[Feature] robust regression and error function

[mrgreywater]

With my dataset, I had some trouble where no matter what is entered as min_stop_frac, it would always return the same amount of segments. It would merge large segments that had almost no deviations before (creating a visible error), instead of merging small segments with bigger deviations. Taking the square root of the squared error that is returned by the OLS linear regression function fixed it, reduced the error and improved the result immensely:

I replaced : https://github.com/DataDog/piecewise/blob/3a15a1c3113cbbecf979bb318f19f2c7fbdc9408/piecewise/regressor.py#L301 with

return tuple(coeffs), 0.0 if len(error) == 0 else float(math.sqrt(error))

I'm not sure if this should be pushed in a PR, as it would have to be checked against more data, but maybe it would make sense from an api standpoint to let the user supply his own linear regression/cost function, so one can use a more robust regression like Theil-San estimator or RANSAC incase the dataset has outliers.

Thank you lots for this library, it helped me quite a bit.

[StephenKappel]

I definitely like this idea of making the cost function pluggable. If you're interested in pushing a PR, that'd be great. Otherwise, I can probably get around to adding this functionality eventually, although I'm not sure how soon.

[Andrey-Pavlov]

@mrgreywater Thank you! @StephenKappel But how to increase number of segments? I want to see red lines on the chart. min_stop_frac doesn't help https://puu.sh/AP63P/967d3d3243.png

[jrtechs]

I had similar issues. I initially only got 2 regression partitions, after applying @mrgreywater's changes I got 3 partitions. However, no matter the value of min_stop_frac I only get 3 partitions when there are 4 very distinct partitions.

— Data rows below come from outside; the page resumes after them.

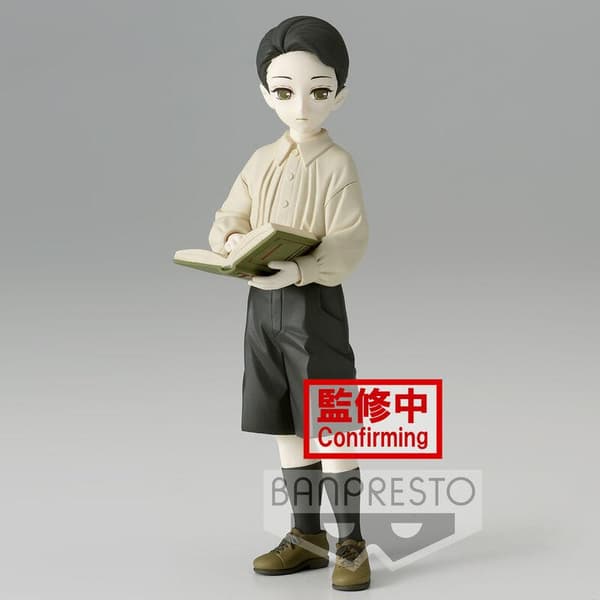 Demon Slayer Kimetsu no Yaiba Muzan Kibutsuji vol.7 figure 14cm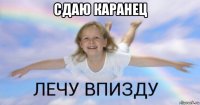 сдаю каранец 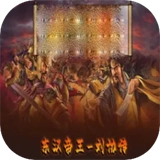 东汉帝王刘协传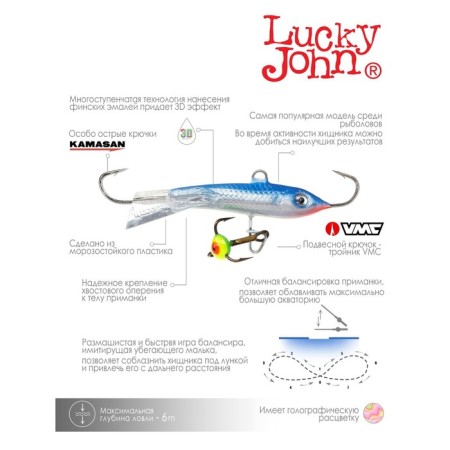Balancir Lucky John Classic 4.5, equipped, 5 cm-5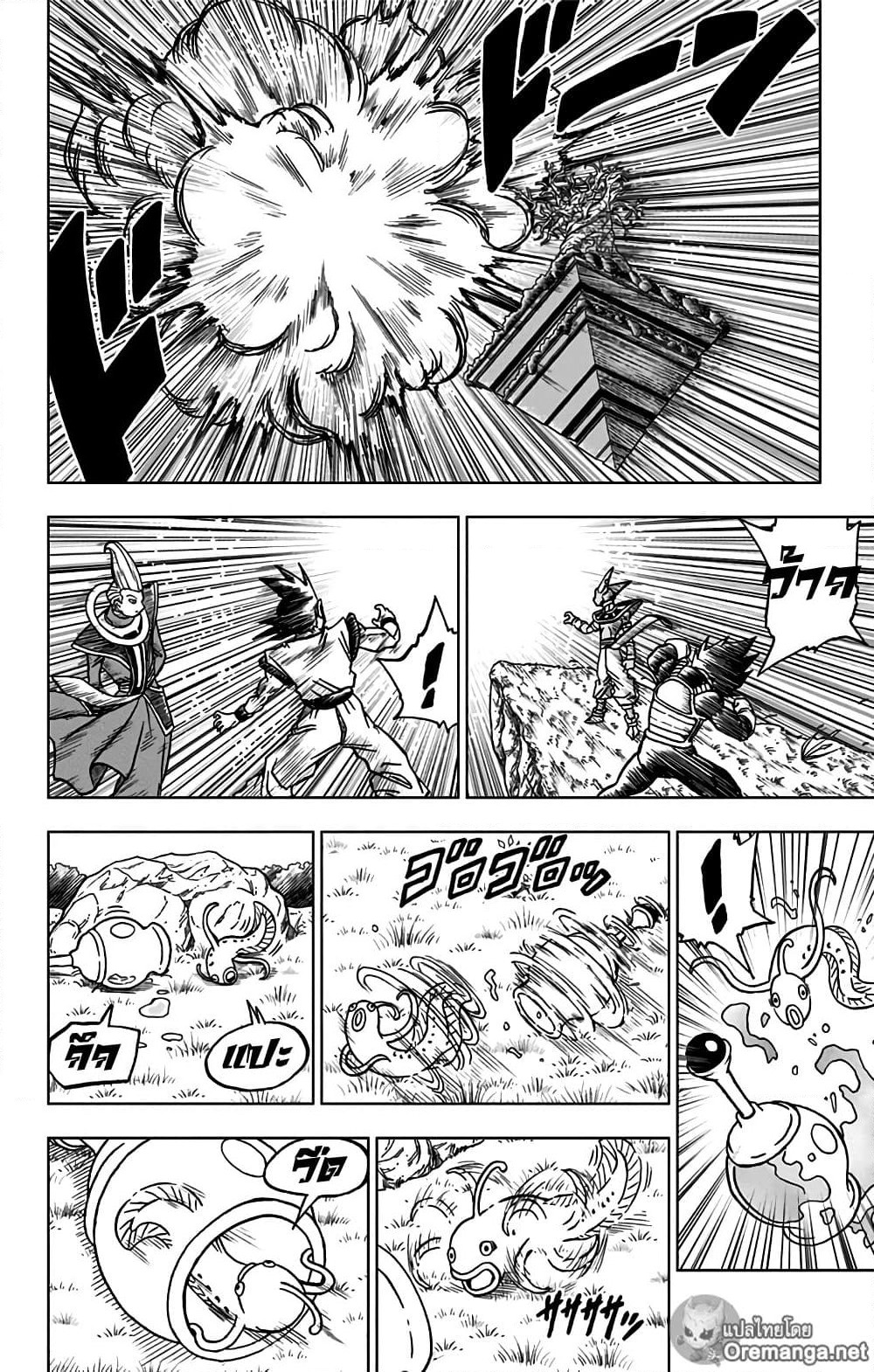 Dragon Ball Super page 13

@StephenKappel any suggestions? I would love to play around with this and make a PR.

[StephenKappel]

Hey @jrtechs -- I'd be happy to have a PR to make this better! Here's some ideas...

Currently, the algorithm only remembers the segments from what it thinks is the best state so far. It does this based on the increase in total error (i.e., the cost of the merge). It does not consider how many merges remain before it ends up with a single segment, nor does it consider granular information about the cost of merges in the past.

The algorithm is trying to catch the big jump in total error that normally accompanies the one-merge-too-far. Something like shown here...

I think the problem comes when that sudden increase in error starts with an error increase that isn't the single largest error increase.

For example, the algorithm will do the right thing with this series of merge costs:

1, 1, 1, 2, 3, 3, 3, 4, 5, 5, 5, 5, 100, 125, 100, 105

But it will go one merge too far for this series of merge costs:

1, 1, 1, 2, 3, 3, 3, 4, 5, 5, 5, 5, 50, 105, 100, 125

We could try:

• Tracking the cost of all merges to date, so we could use some more interesting statistics of the merge costs rather than just the max and cumulative sum of the past.
• Remembering more than one state so that we don't need to make the decision of whether or not to discard a previous potentially-interesting state until we see all the merge costs.

The hope would be that, in retrospect, we'd be able to make smarter choices than we can on the fly.

A simpler solution for the specific example you provide could be providing a parameter to require more significant increases in cost for a merge to be considered the tipping point. On this line, cost_increase == biggest_cost_increase could become something like cost_increase >= 2.0*biggest_cost_increase, where 2.0 would be parameterized.

[jrtechs]

@StephenKappel I will definitely look into that. Just for clarification, what would be the difference between the min_stop_frac and this new error_increase_tolerance? Does the min_stop_frac define the increase in error allowed before we stop merging where the error_increase_tolerance would help us push more partitions/buckets to be merged?

[StephenKappel]

The main motivation for min_stop_frac is to prevent the algorithm from giving a suboptimal solution when the "best" solution is a single line segment. It prevents the algorithm from stopping merging too soon if no single merge has led to a large fraction of the total error.

A new parameter would help the algorithm stop sooner, but this wouldn't contradict min_stop_frac. That is, in order to stop merging, the min_stop_frac-based threshold would still have to be met. However, after that's met (it will always be met for every future iteration after it's first true), we need a new parameter to help prevent too much merging.